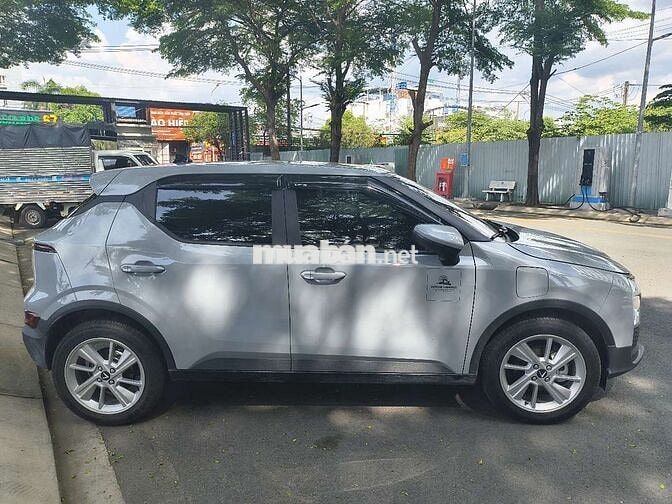VinFast VF5 Plus 2026 Xám 7.000 km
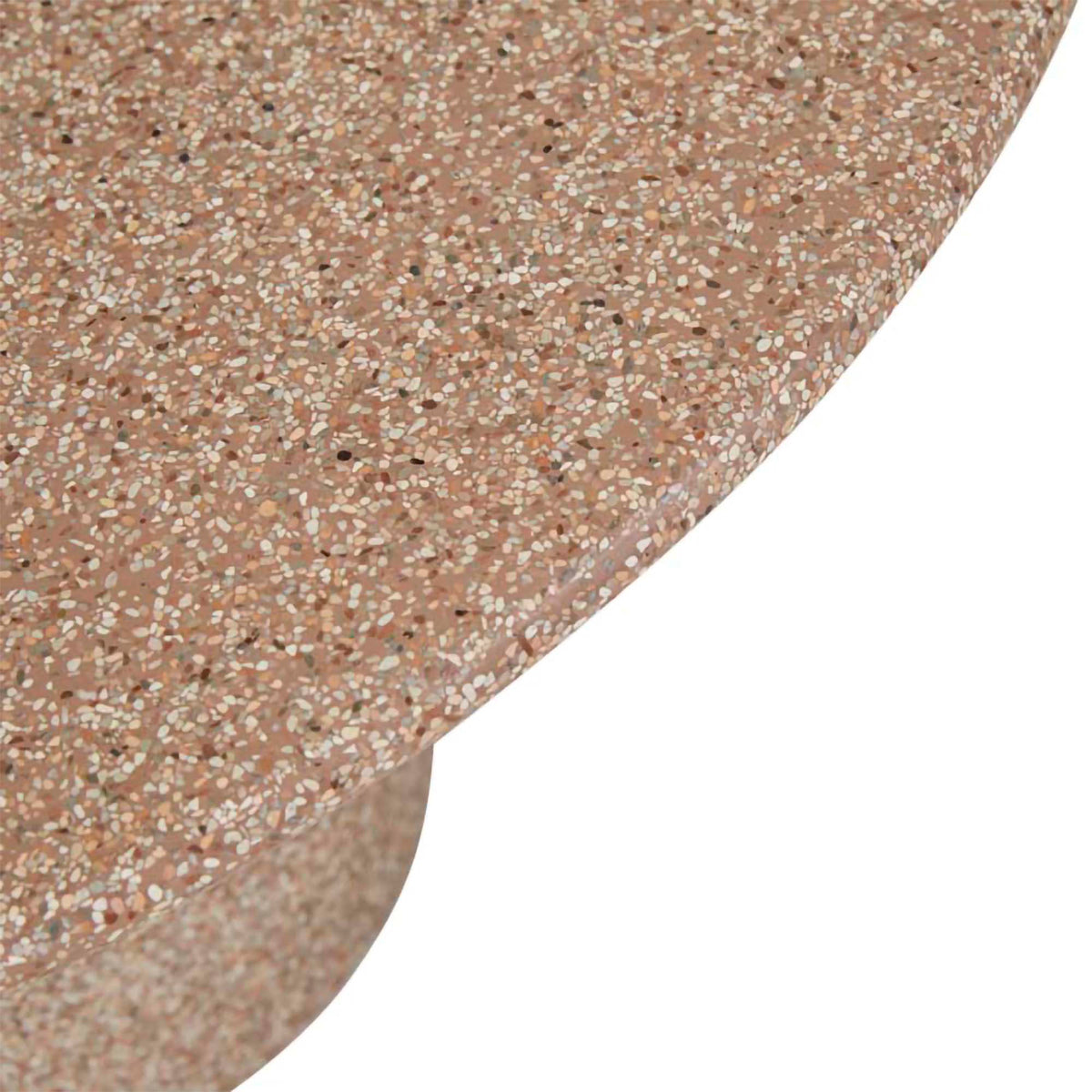 Artie Wave Outdoor Coffee Table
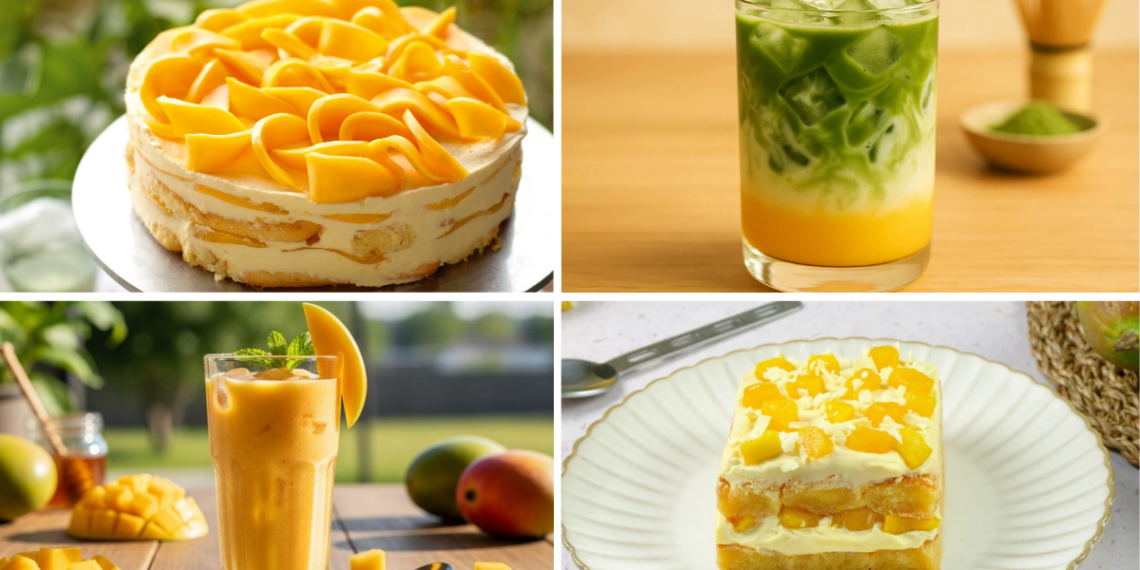 mango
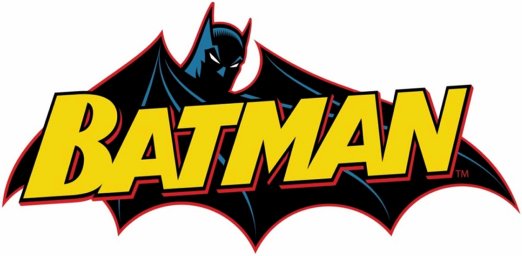 Batman (2013)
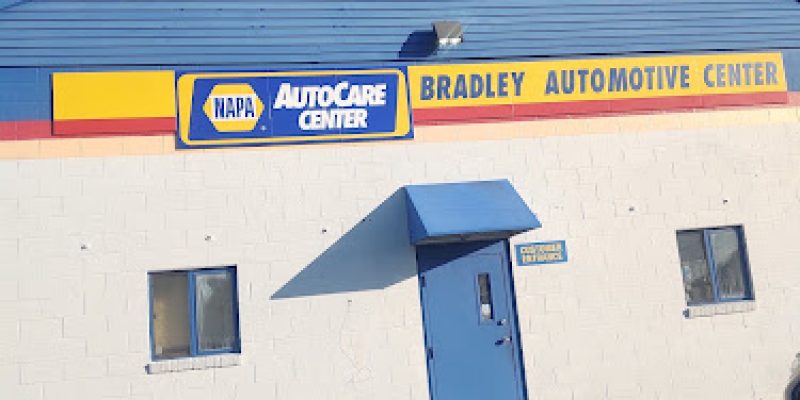 Bradley Automotive Center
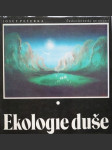 Ekologie duše - náhled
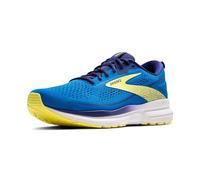 BROOKS 1104121D421 Trace 3 Uomo, Electric Blue/Navy/Lemon EU 41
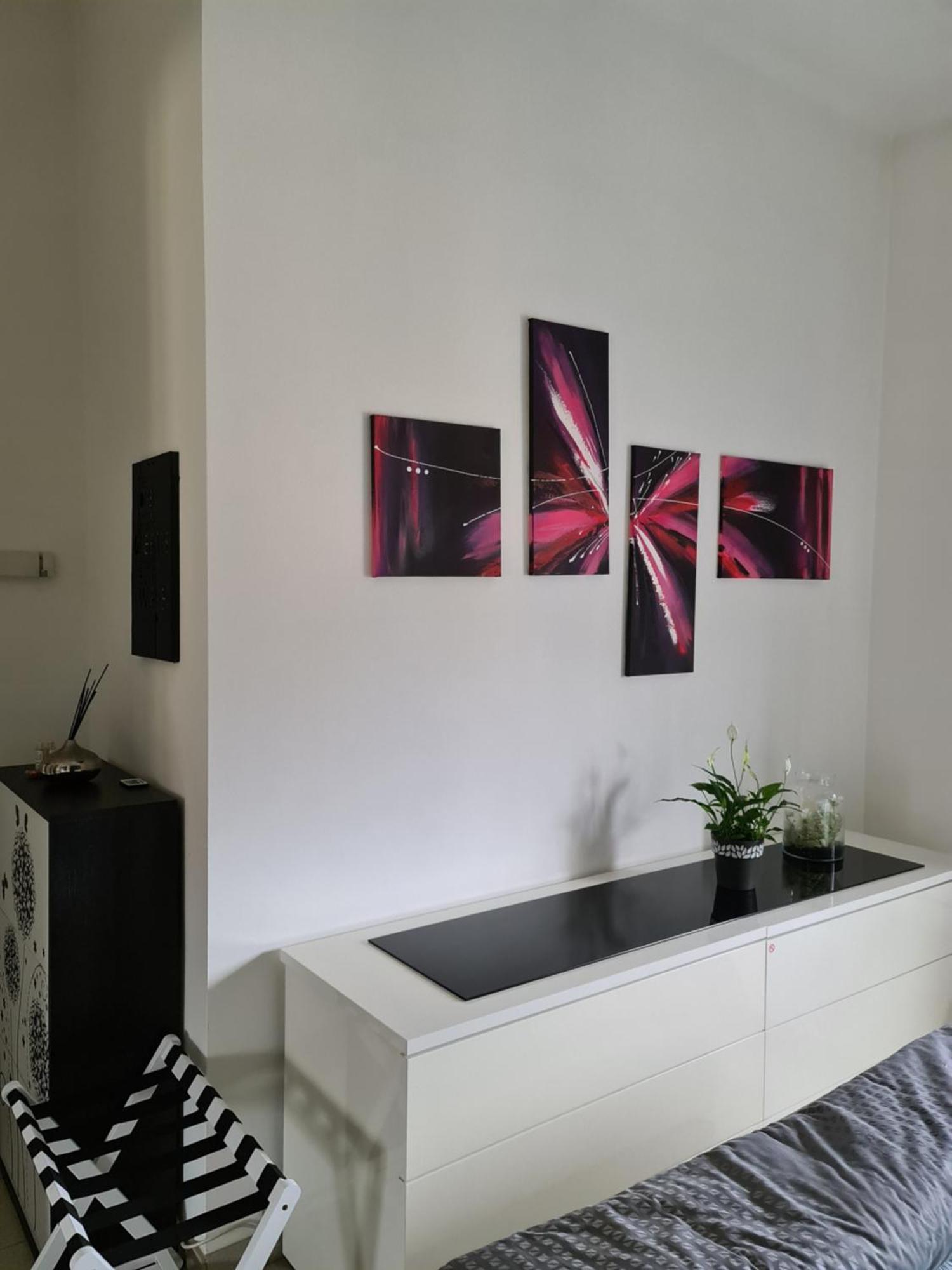 Apartment In Citta Studi *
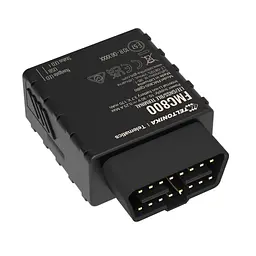 GPS-трекер для авто Teltonika FMC800 - мініатюра 4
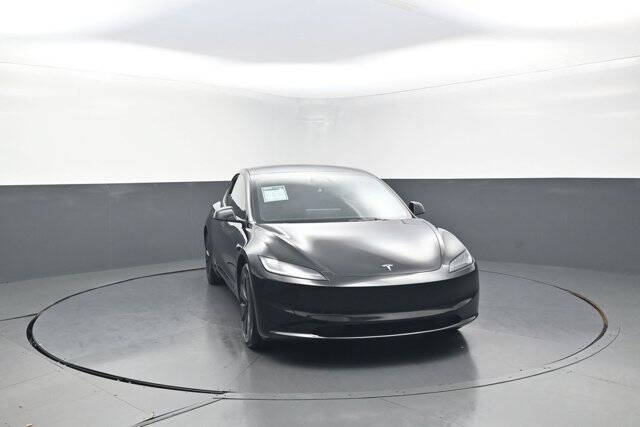 Used 2024 Tesla Model 3 Base with VIN 5YJ3E1EA6RF740432 for sale in Philadelphia, PA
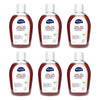 Redwin Coal Tar Fragrance Shampoo 250mL Pack of 6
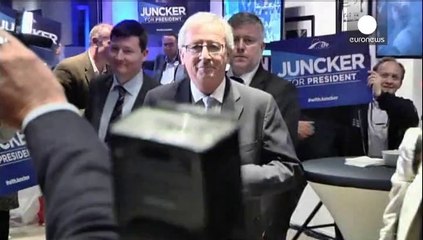 Lagarde (AB) Komisyonu Başkanlığı'na aday değil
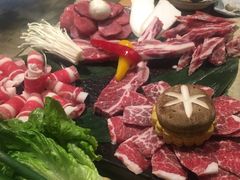 -肉匠Korean BBQ(兴盛路店)
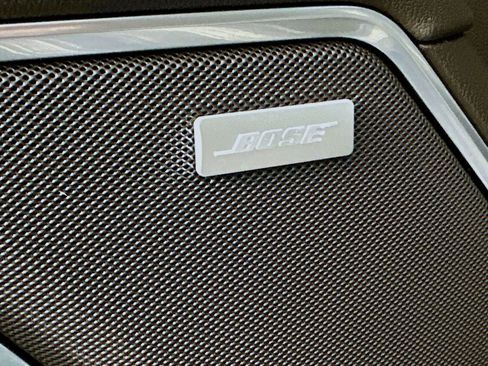 Used 2022 Chevrolet Silverado 1500 LTZ w/ LTZ Convenience Package II image 20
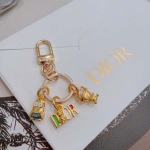 2026年2月5日入荷新品Dior キーホルダー ギフト/誕生日/記念品/アクセサリーxin工場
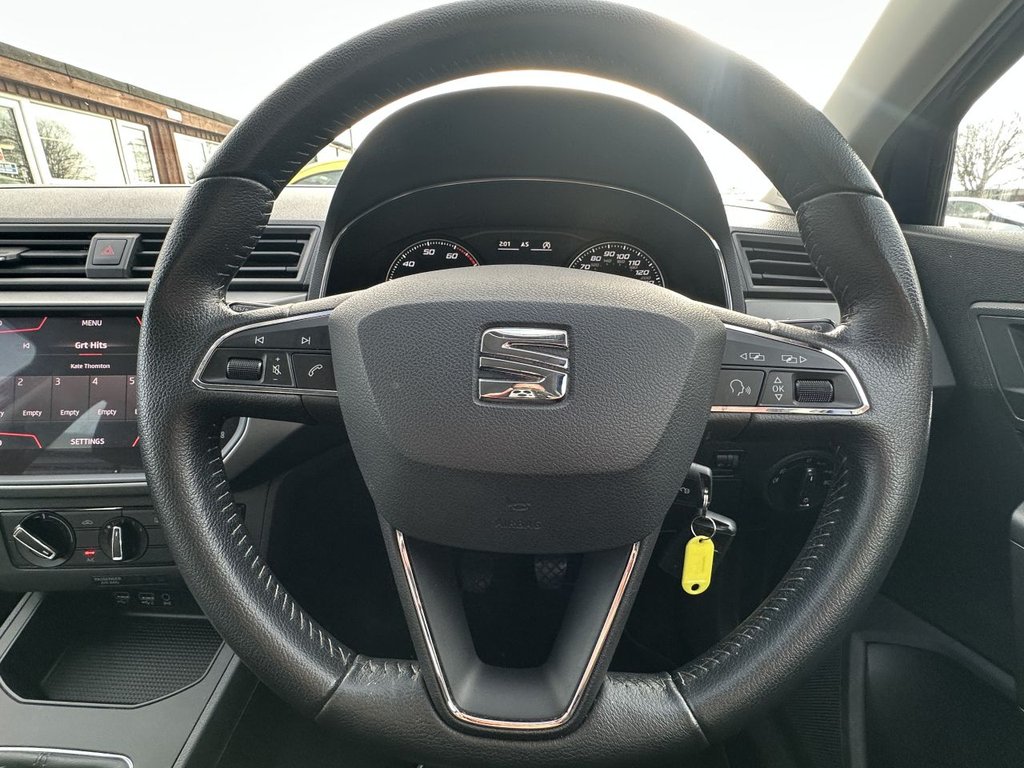 Used SEAT Ibiza 2017 for sale - 77421739: Photo 12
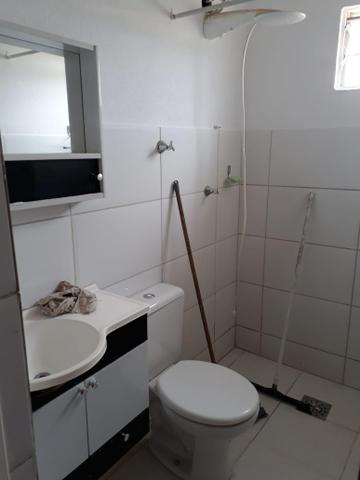 Apartamento a venda Residencial Rosana - Foto 9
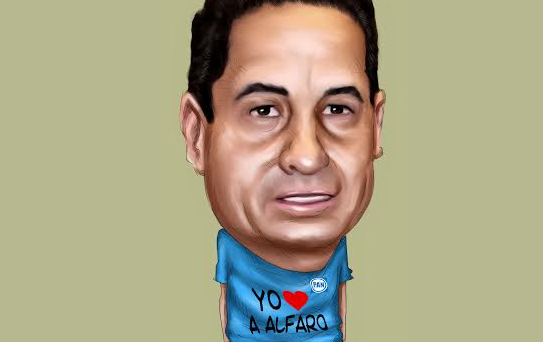 RICARDO RODRÍGUEZ JIMÉNEZ: “PANISTA INDEPENDIENTE”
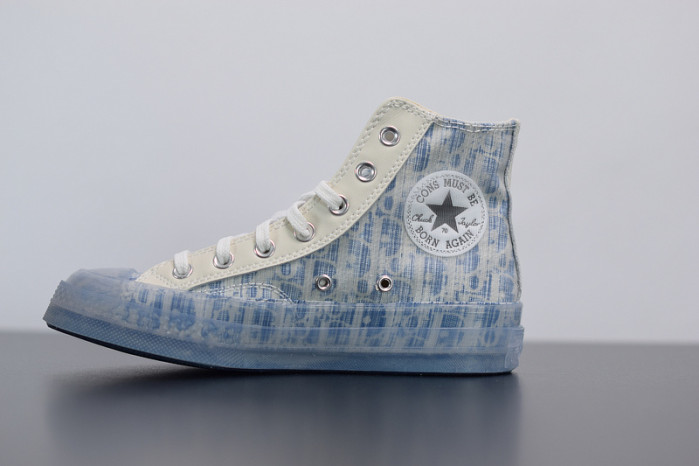 dor x converse restructured chuck 1970s high top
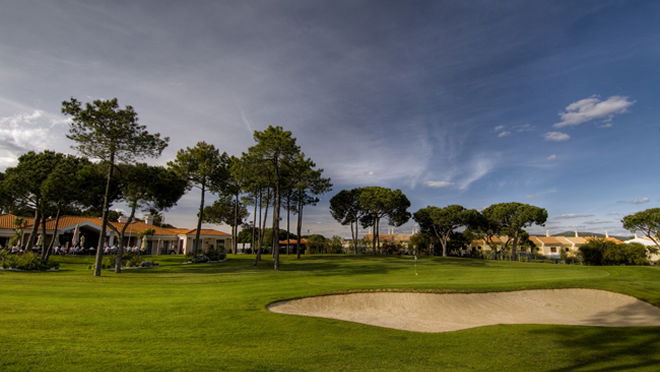 Vila Sol Pestana, Portugal: course review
□ □ □
> _TASK INSTRUCTIONS_
Would you return the data exactly as written, without the pictures?

> _REPLY TO THE EXERCISE_
VinFast VF5 Plus 2026 Xám 7.000 km
 Artie Wave Outdoor Coffee Table
 mango
 Batman (2013)
 Bradley Automotive Center
 Ekologie duše - náhled
 BROOKS 1104121D421 Trace 3 Uomo, Electric Blue/Navy/Lemon EU 41
 Apartment In Citta Studi *
 GPS-трекер для авто Teltonika FMC800 - мініатюра 4
 Used 2024 Tesla Model 3 Base with VIN 5YJ3E1EA6RF740432 for sale in Philadelphia, PA
 Redwin Coal Tar Fragrance Shampoo 250mL Pack of 6
 Lagarde (AB) Komisyonu Başkanlığı'na aday değil
 -肉匠Korean BBQ(兴盛路店)
 Used 2022 Chevrolet Silverado 1500 LTZ w/ LTZ Convenience Package II image 20
 2026年2月5日入荷新品Dior キーホルダー ギフト/誕生日/記念品/アクセサリーxin工場
 Used SEAT Ibiza 2017 for sale - 77421739: Photo 12
 Apartamento a venda Residencial Rosana - Foto 9
 RICARDO RODRÍGUEZ JIMÉNEZ: “PANISTA INDEPENDIENTE”
 dor x converse restructured chuck 1970s high top
 Vila Sol Pestana, Portugal: course review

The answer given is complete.